About this exercise
The data should be written out in full, exactly as it stands, and the pictures dropped.

****************************************

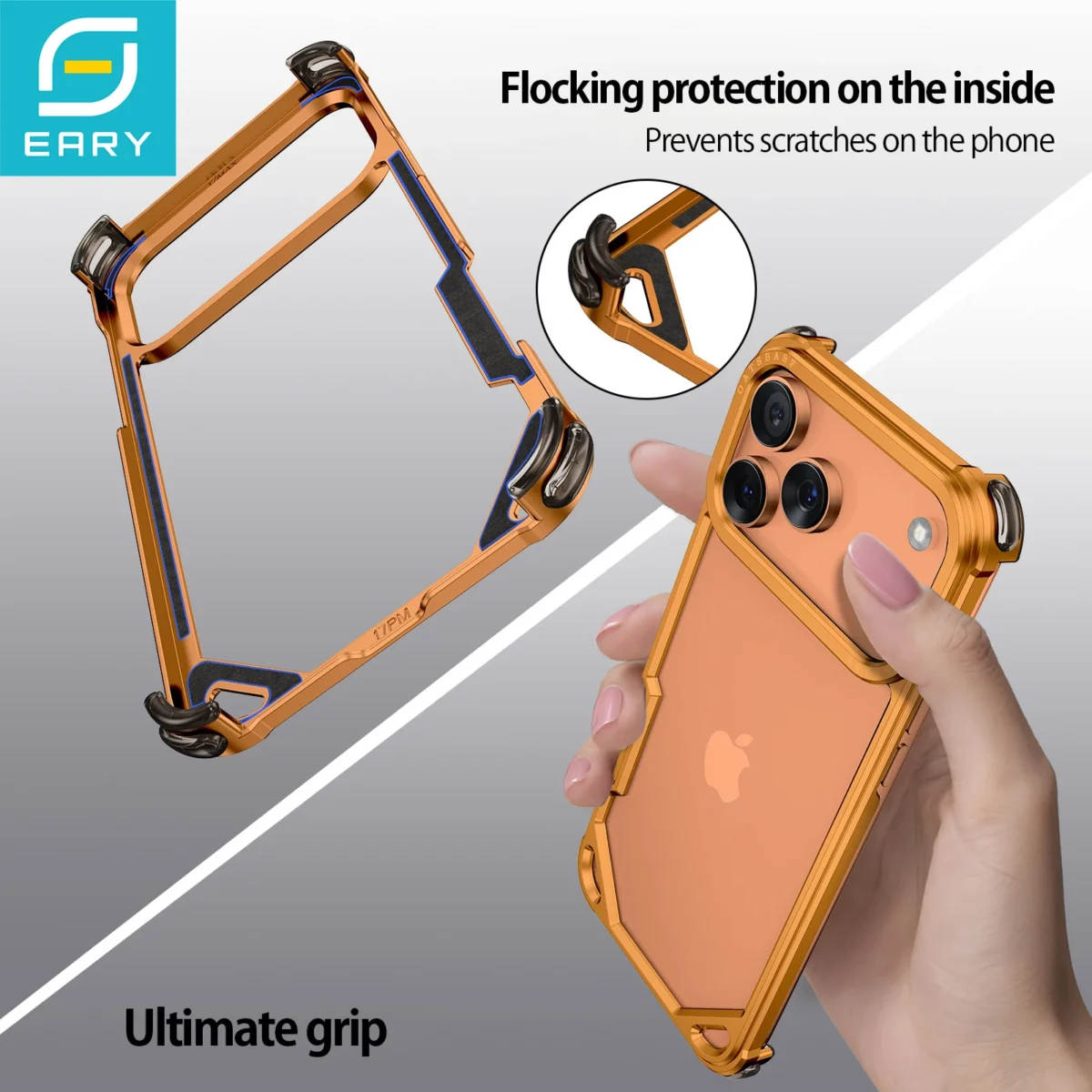 Eary for iPhone 17 Pro Max 17 Air Phone Case Aluminum Alloy Metal Frameless Shells Magsafe Minimalist Anti-Drop Protective Cover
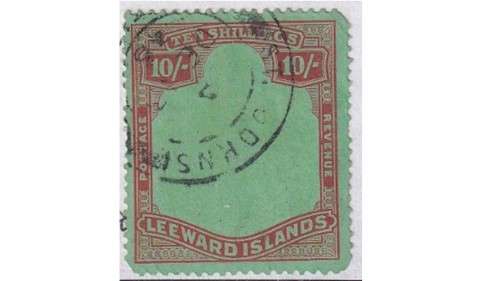Leeward Island 10 S stamp without head.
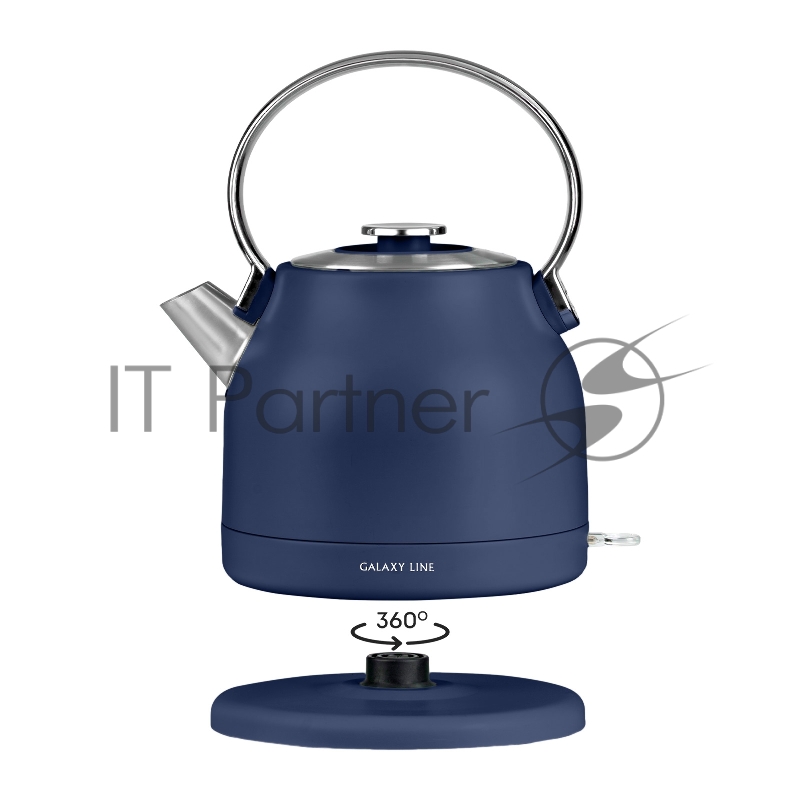 Чайник электрический GALAXY LINE GL 0334, синий, металл, 2200 Вт, 1,5 л, стенка из нержавеющей стали AISI 304, индикатор работы, указатель максимального уровня воды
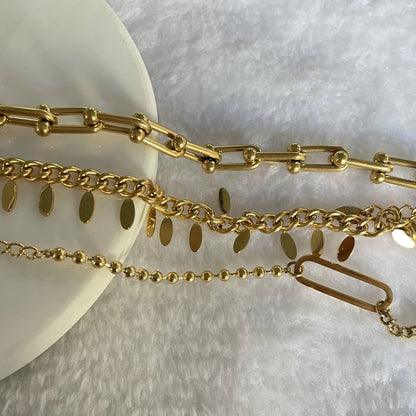 Gold Leaves Tassel Cuban Chain Bracelet--Dazzledvenus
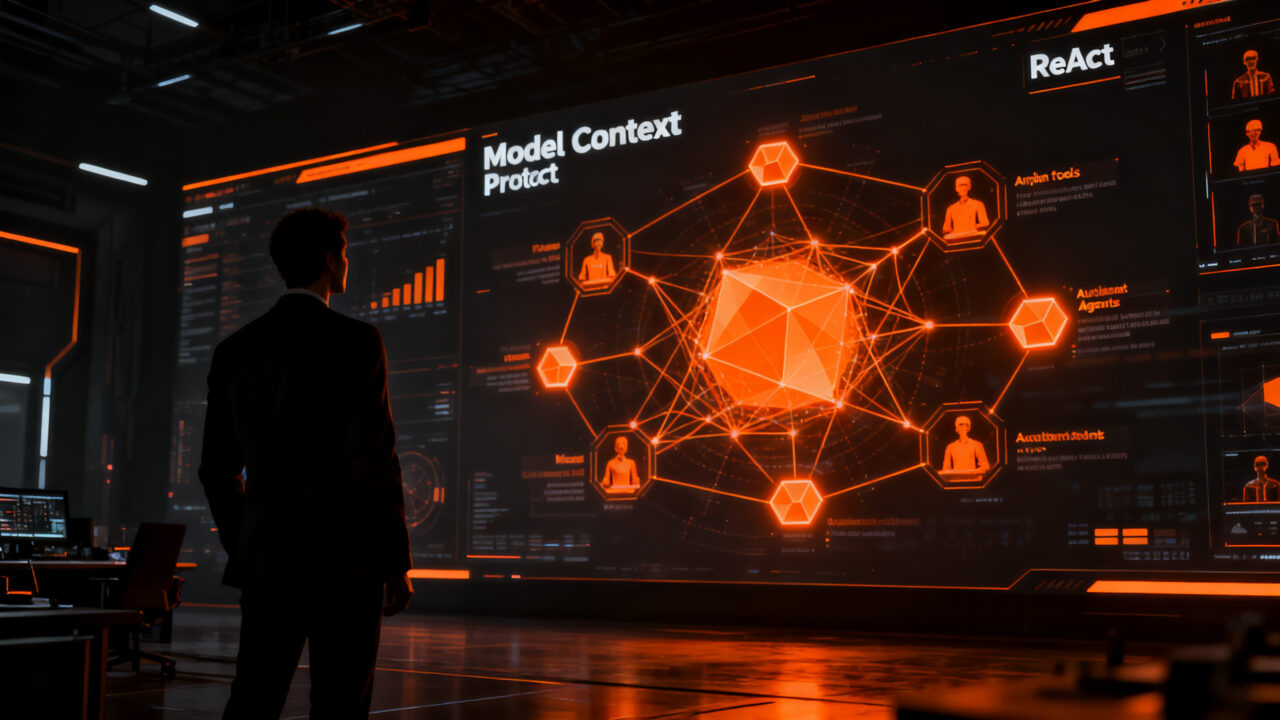 Agente de IA interactuando con una red neuronal compleja, representando la automatización de flujos de trabajo en el futuro del trabajo 2026.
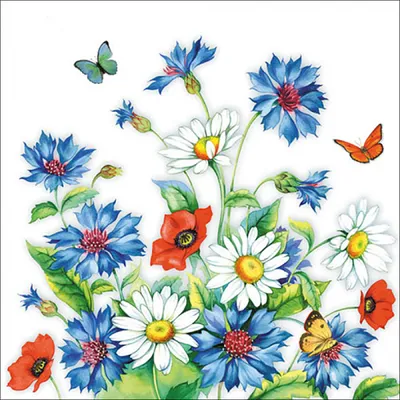 Produktbild von Servietten Papier 33x33cm 3-lagig mit Wildblumen Motiv 20 Stück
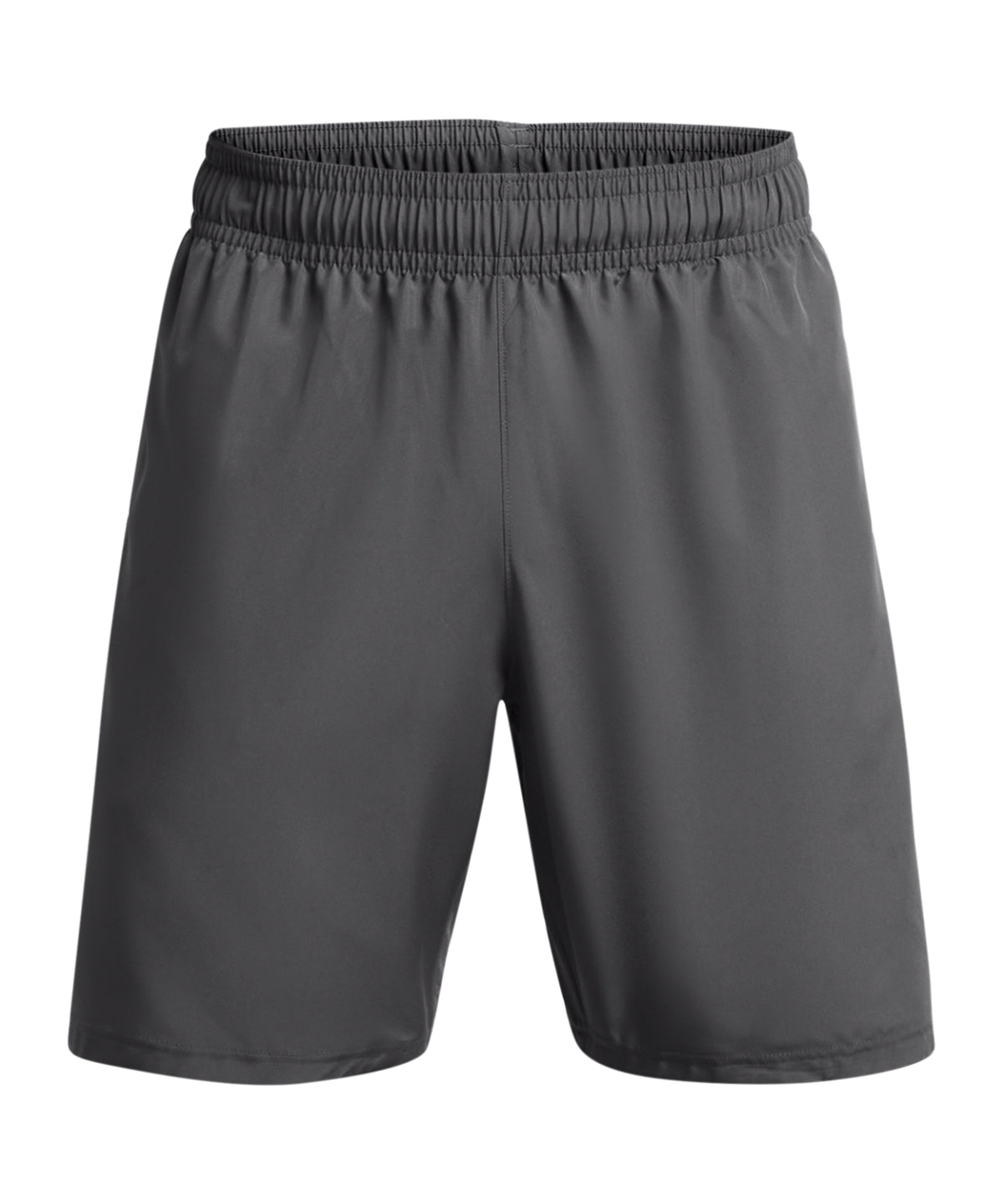 Under Armour Tech woven wordmark shorts in Castle Rock Grey, front view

****************************************

Task output
 Eary for iPhone 17 Pro Max 17 Air Phone Case Aluminum Alloy Metal Frameless Shells Magsafe Minimalist Anti-Drop Protective Cover
Leeward Island 10 S stamp without head.
 Чайник электрический GALAXY LINE GL 0334, синий, металл, 2200 Вт, 1,5 л, стенка из нержавеющей стали AISI 304, индикатор работы, указатель максимального уровня воды
 Gold Leaves Tassel Cuban Chain Bracelet--Dazzledvenus
 Agente de IA interactuando con una red neuronal compleja, representando la automatización de flujos de trabajo en el futuro del trabajo 2026.
 Produktbild von Servietten Papier 33x33cm 3-lagig mit Wildblumen Motiv 20 Stück
 Under Armour Tech woven wordmark shorts in Castle Rock Grey, front view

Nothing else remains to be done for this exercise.